On Thu, Jul 5, 2012 at 10:40 PM, Eliezer Croitoru <eliezer / ngtech.co.il> wrote:
> On 7/5/2012 10:03 AM, Robert Klemme wrote:
>>
>> On Thu, Jul 5, 2012 at 4:13 AM, Eliezer Croitoru <eliezer / ngtech.co.il>
>> wrote:
>>>
>>> thanks in advance i need a bit help to break the ice that my head is in.
>>>
>>> i am working on ICAP server and i am building some acls for content
>>> filtering.
>>
>>
>> Ah, interesting!
>>
> i have used greasyspoon as icap server but it's too much for my needs.
> it takes a lot of memory and cpu for nothing so i started writing my own on
> ruby and i then found out that i can add some nice features to it.

That sounds fun!

>>> i have a list of domains and i want to apply acl such as ".example.com"
>>> will
>>> match all domains that starts with "example.com".
>>> but the problem is that domain start in a reverse order.
>>> i was thinking on what is the best\better way to match a domain to domain
>>> list ?
>>
>>
>> If in memory (which does not seem to be the case here) I would create
>> a forest for matching with TLD's as root level:
>>
>> com
>> +- example
>> +- google
>>
> i will use mysql\pgsql so i will use mysql+memcached or pgsql with shm.
> i will be more then happy to hear about how to implement such a forest just
> for a case i will need it later.

Well, basically you need a structure of nested Hashes.  Matching would
start at the TLD and descend to the most specific domain.

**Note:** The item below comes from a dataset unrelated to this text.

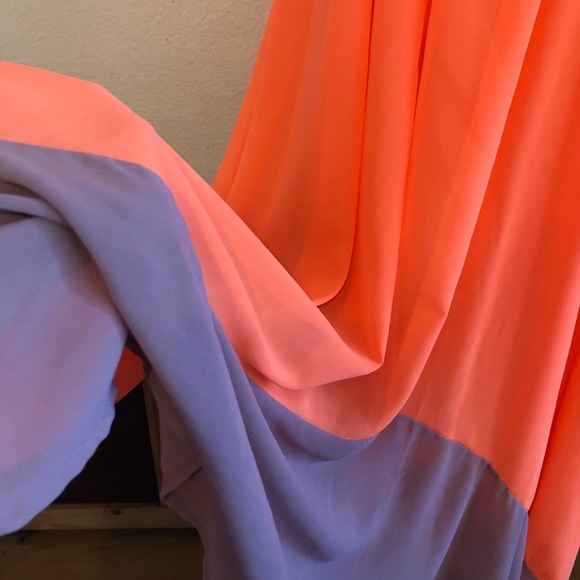 Leqier two tone hi low layered flowy beach dress - Picture 7 of 9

> i am thinking of loading some if not all acls into memory and in this case i
> will need to use it.

That's certainly faster if memory is sufficient for the size of lists
you want to handle.

>> You might be able to write a procedure to convert regular
>> representation to reverse representation, make that a calculated
>> column using the procedure and create an index on that calculated
>> column.  Alternatively calculate the value via a trigger.  Then your
>> insertion and update logic can stay as is.
>>
> i was thinking about the same idea but it will much more simple for me to
> store the domain in a full reverse such as "moc.elpmaxe".

Why?

irb(main):020:0> "foo.bar.baz".split(/\./).reverse
=> ["baz", "bar", "foo"]
irb(main):021:0> "foo.bar.baz".split(/\./).reverse.join('.')
=> "baz.bar.foo"

> i have two objectives i want to achieve:
> 1. a dstdomain acl like in squid for simple allow\deny.
> 2. a dstdomain from squidGuard blacklists to block porn spyware and others
> based on category.

Well, if you make "allow" and "deny" (or only "deny") a category then
it's just one mechanism. :-)

> the blacklists are updated via a txt file with only one match domain or
> domain wildcard per line and i will use it as is.
> so i will just use:
> LOAD DATAT INFILE '/tmp/porndoms.txt'
> INTO TABLE porn (@var1)
> SET dom= REVERSE(@var1);
>
> this is not suppose to be a "readable" field and it's 30MB+ size so i dont
> really care how it's ordered in the table.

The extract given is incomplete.